Medieval, Renaissance, and Baroque Periods
In medieval Europe at the
9th-century Swiss abbey of St. Gall, the large garden was divided into four
areas, for herbs, vegetables, fruits, and flowers. The gardens of most
monasteries were surrounded by cloistered walks and had a well or fountain at
the center, possibly inspired by Persian gardens, which was intended to
During the Renaissance in
Italy, castles gave way to palaces and villas with extensive grounds
landscaped in the Roman tradition. Borders of tall, dark cypresses and
clipped yew hedges, geometric flower beds, stone balustrades, fountains, and
sculptures conformed strictly to the overall plan. Examples from the 15th
century include the gardens of the Medici, Palmieri, and La Pietra villas in
or near Florence. Among increasingly formal and elaborate villa complexes
in the 16th century are the Villa Lante in Bagnaia and the Villa Farnese in
Caprarola. Others are the Villa Madama and the Villa Medici in Rome and the
Villa d'Este in Tivoli.
Italian gardens of the 17th
century became even more complex in the dramatic baroque style. They were
distinguished by lavish use of serpentine lines, groups of sculptured
allegorical figures in violent movement, and a multiplicity of spouting
fountains and waterfalls. Examples are the Villa Aldobrandini in Frascati,
Villa Garzoni in Collodi, Villa Giovio in Como, and the gardens on the Isola
Bella in Lake Maggiore.
Modified versions of Italian
Renaissance and baroque gardens appeared throughout Europe. In Spain,
Moorish and Renaissance elements were combined in the gardens of the Alcázar
in Seville. In France the great châteaus of the Loire valley, such as
Chambord and Chenonceaux, were laid out with formal gardens, and with
extensive forested parks.
In the 17th century, France
replaced Italy as the primary inspiration of architectural and landscape
design. The vast building programs of Louis XIV included miles of
symmetrically arranged gardens, which, like royal architecture of the period,
were designed to give an impression of limitless grandeur. The grounds were
regularly intersected by radiating alleys lined with trees or hedges and
embellished with fountains, pavilions, and statuary. Versailles and its
immense gardens spawned splendid imitations in dozens of kingdoms and
principalities throughout Europe.
In the late 18th century the
rise of romanticism, with its emphasis on untamed nature, the picturesque,
the past, and the exotic, led to important changes in landscape architecture
as well as in other arts. At such great houses as Blenheim Palace and
Chatsworth, English architects replaced the symmetrically arranged flower
beds and straight walks with sweeping lawns, sloping hills with curving paths,
and rivers and ponds punctuated by informally planted groups of trees and
shrubbery, to achieve the effect of a wilderness.

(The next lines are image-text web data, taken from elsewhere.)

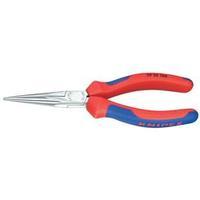 Knipex 29 25 160 Telephone Pliers 160 mm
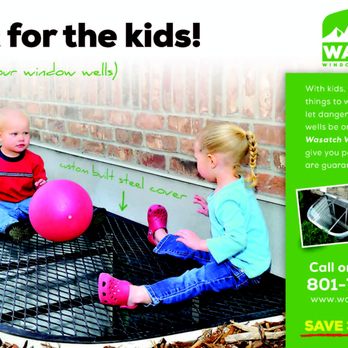 Value Pages Magazine - Advertising Near Me - Orem, Utah Value Pages Magazine - Advertising Near Me - Orem, Utah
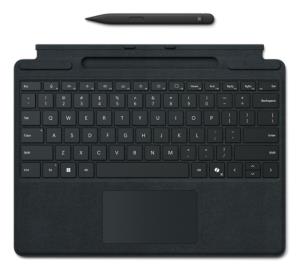 SURFACE PRO FLEX KEYBOARD - thumbnail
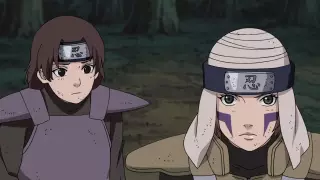 قسمت 285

The English romantic style
spread to the rest of Europe by way of France, where a notable example of the
style was created at Ermenonville. It was introduced in North America at
Monticello, Jefferson's Virginia estate. The most important example of this
style is Central Park, New York City, designed in 1857.

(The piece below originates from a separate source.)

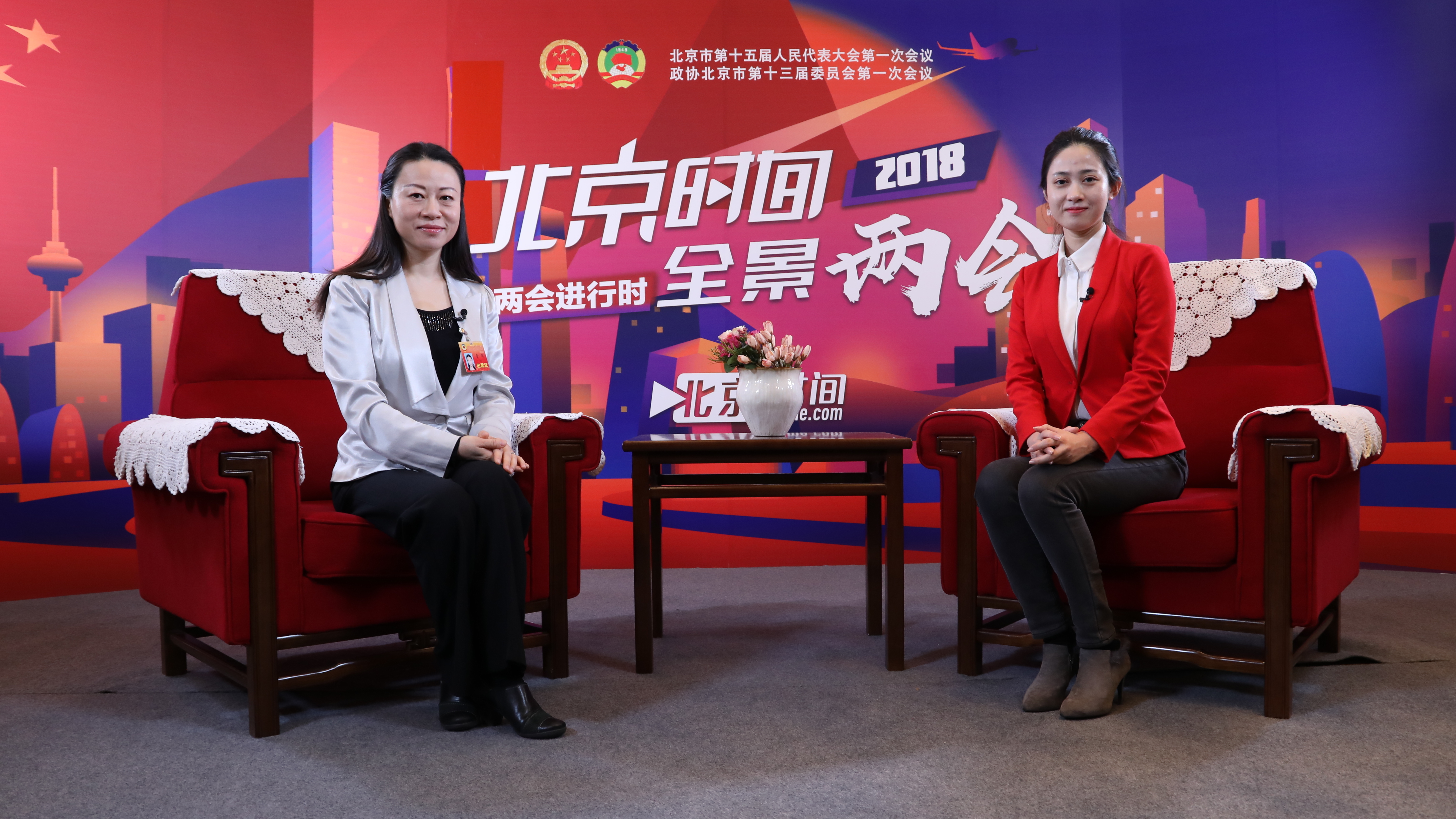 曹晖：注重中小学生餐饮口味 养成不浪费好习惯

Domestic architecture in the
first half of the 20th century attempted to achieve a closer integration of
the house with its surroundings. In areas with mild climates, such as
California, a garden might be continued within the house. With today's
apartment-style living, many architects seek to incorporate natural elements
into their interior designs. Indoor pools and water fountains are enjoying
great popularity in shopping malls, offices, and homes. They offer an oasis
of cool tranquility in an otherwise hectic world.